In this regard, SIC expressed that an offer is "fair" if the offer price is equal to, or greater than, the value of the securities which are the subject of the offer. In considering whether an offer is "reasonable", SIC expressed that the IFA should additionally consider other matters, including, the existing voting rights in the offeree company held by the offeror and parties acting in concert with it ("Offeror Concert Party Group") and the market liquidity of the relevant securities.
SGX proposed that the IFA must opine that the Exit Offer is fair and reasonable and that such opinion must be clear and unequivocal. SGX also proposed to codify the existing practice that the Exit Offer must include a cash alternative as the default alternative.
Amending the Voting Threshold for a Voluntary Delisting Resolution
The Listing Manual currently protects minority shareholders by requiring that the Voluntary Delisting Resolution must not be voted against by a 10% Block. However, this means that the offeror has no incentive to get minority shareholders to turn up and vote. As such, should minority shareholders not attend the general meeting nor appoint proxies to vote on the Voluntary Delisting Resolution, their absence would facilitate the offeror's ability to meet the existing voting thresholders for a voluntary delisting under the Listing manual. This problem is compounded when the issuer is tightly controlled as it becomes even more difficult for minority shareholders to collectively obtain a 10% Block. As such, SGX considered that it was necessary to strengthen the protection for minority shareholders under the existing voluntary delisting regime.
In line with the general principles in the Listing Manual whereby a party who is interested in a transaction should not be allowed to vote on the relevant resolution, SGX proposed that the Offeror Concert Party Group abstain from voting on the Voluntary Delisting Resolution.
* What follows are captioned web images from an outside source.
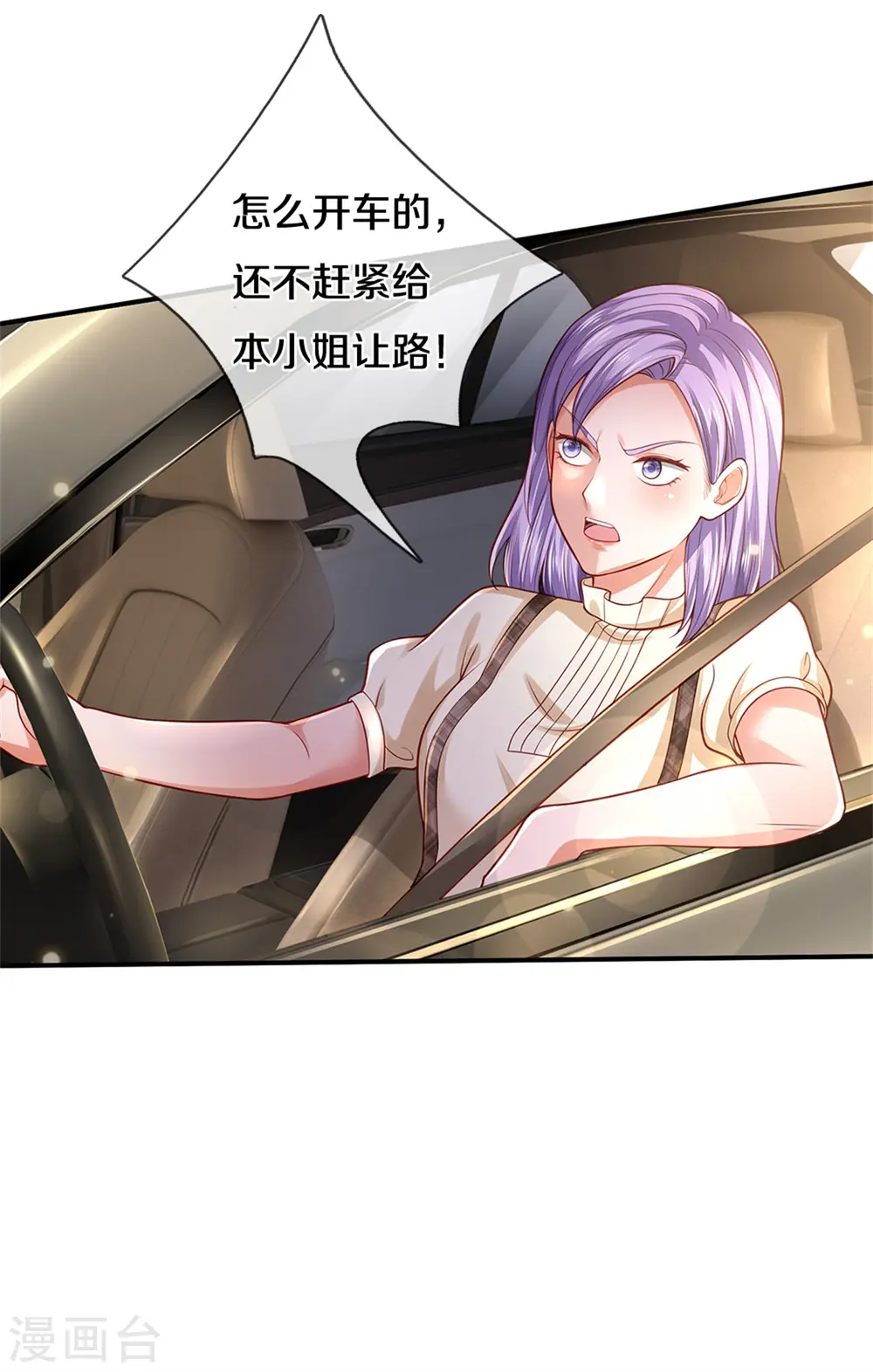 我是大仙尊动漫全集免费星辰影院儒米漫画,第284话 特殊手段，吐露心声2图
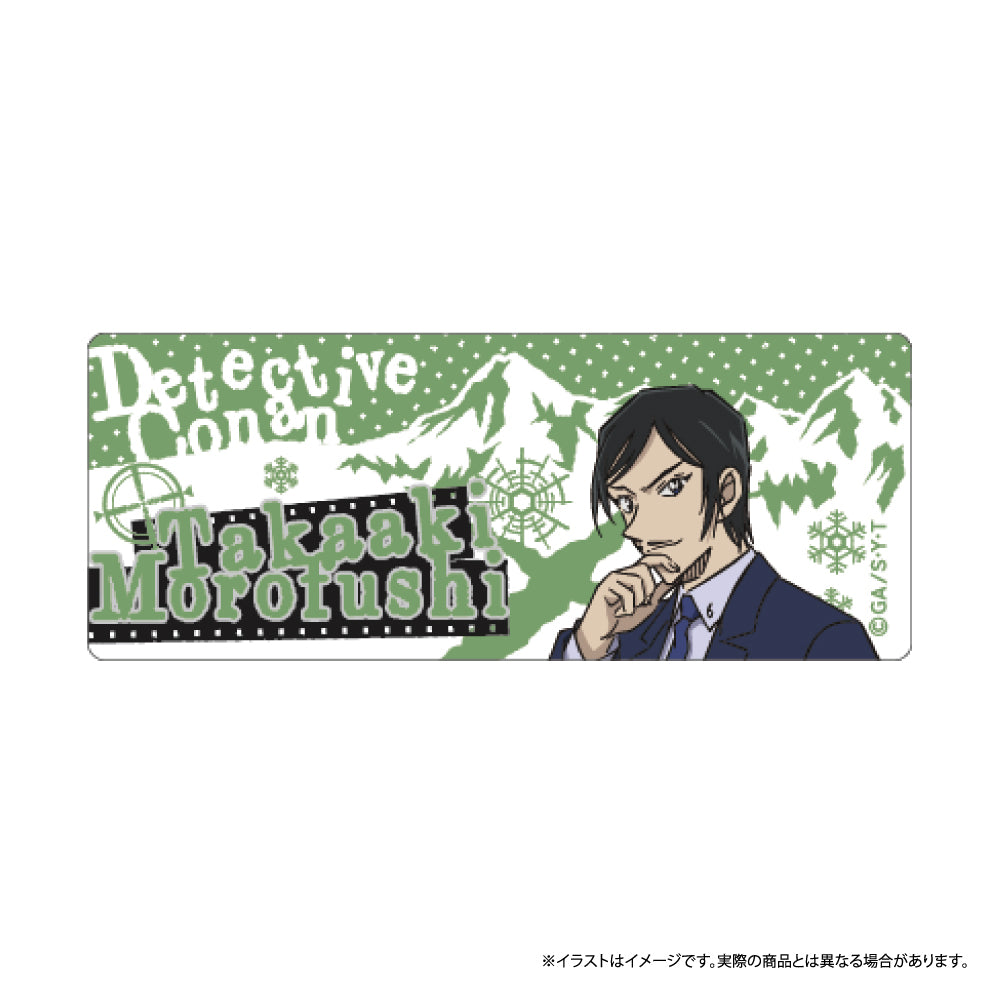 アクリルネームプレート 諸伏高明 vol.7｜名探偵コナン – LIBERTAS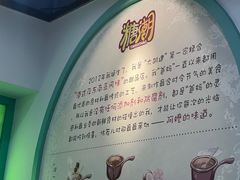 -糖潮糖水铺(省府店)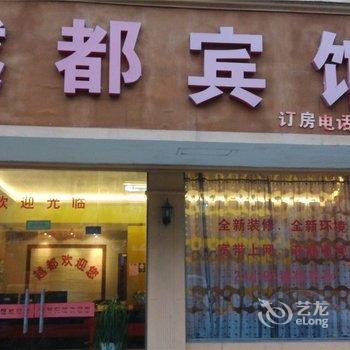 临安越都宾馆酒店提供图片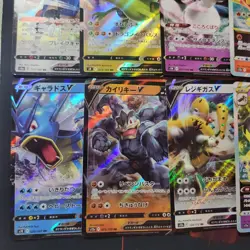 Pokemon TCG Japanese Rare Bundle x10 Cards NM 0007 - Image 2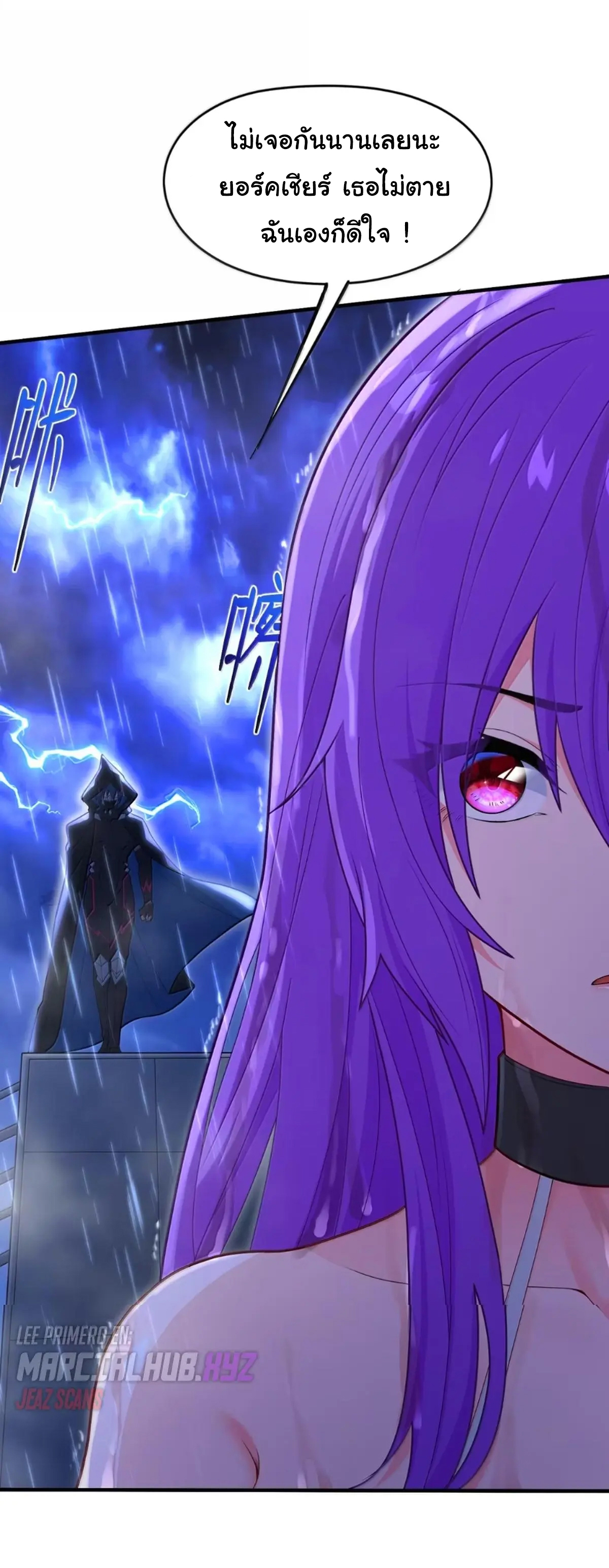 (อ่านฟรี 33 ตอน ) อัจฉริยะสุดชั่วร้ายสายแปรธาตุ ( The Evil Alchemist Can’t Handle His Own Experimental Subject ) ตอนที่ 34 หน้า 43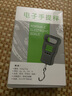 香恒手提電子秤彈簧秤電子稱便捷式高精度廚房秤家用稱快遞行李秤釣魚秤買菜寵物電子秤小掛稱便攜秤 電池款50kg 曬單實(shí)拍圖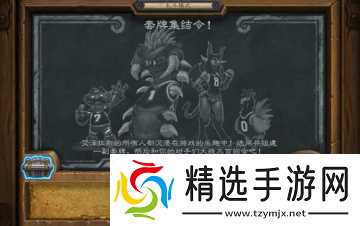 炉石乱斗模式套牌集结令三周目玩法全解析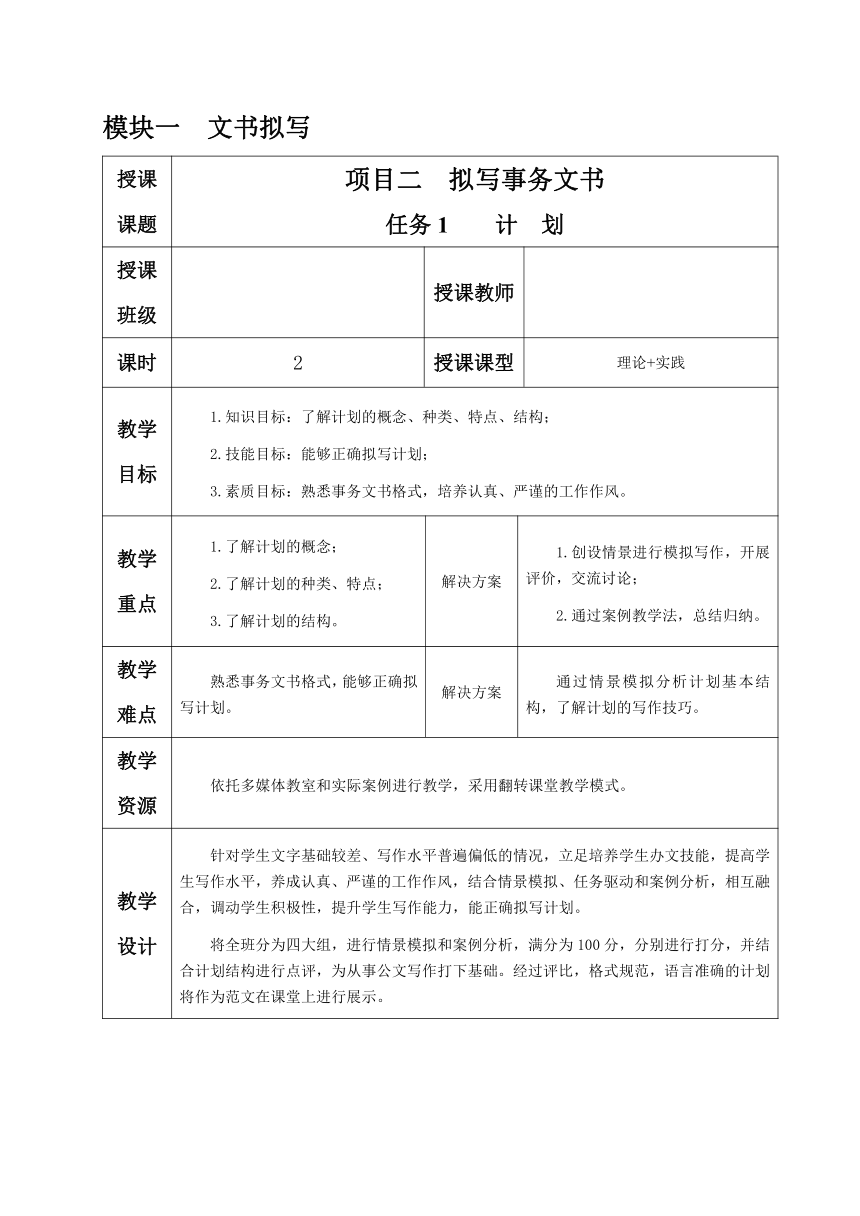 1.2.任务1 计划 教案（表格式）《文书拟写与档案管理》同步教学（高教版）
Directors and controlling shareholders of the issuer who are not part of the Offeror Concert Party Group may vote on the Voluntary Delisting Resolution.
To strike a balance between ensuring that minority shareholders are not unduly prejudiced in a voluntary delisting and that the power accorded in minority shareholders' hands is not unduly disproportionate, SGX proposed that the existing approval threshold for a Voluntary Delisting Resolution be reduced from 75% to a simple majority of 50% and to remove the 10% Block provision.
Proposed Amendments to Delisting Pursuant to Voluntary Liquidation
As the voluntary liquidation process relates to the realisation of an issuer's assets and subsequent distribution of the cash proceeds to shareholders on a pro rata basis, SGX considers that the Exit Offer would typically be fair and reasonable. Furthermore, the appointed liquidator also owes a duty to the court. As such, SGX will normally not require an IFA to be appointed to opine on the Exit Offer in the case of a delisting pursuant to a voluntary liquidation. Accordingly, SGX proposed that the proposed Exit Offer requirements and the proposed shareholders' approval requirements on the Voluntary Delisting Resolution do not apply to a delisting pursuant to a voluntary liquidation.
Proposed Amendments to Delisting Pursuant to Scheme of Arrangement
In line with the existing position in the Listing Manual that Rule 1309 of the Mainboard Rules and Rule 1308 of the Catalist Rules are applicable to a delisting pursuant to a scheme of arrangement, SGX proposed that the Exit Offer for a scheme of arrangement must be fair and reasonable and that an IFA must also be appointed to opine that the Exit Offer is fair and reasonable.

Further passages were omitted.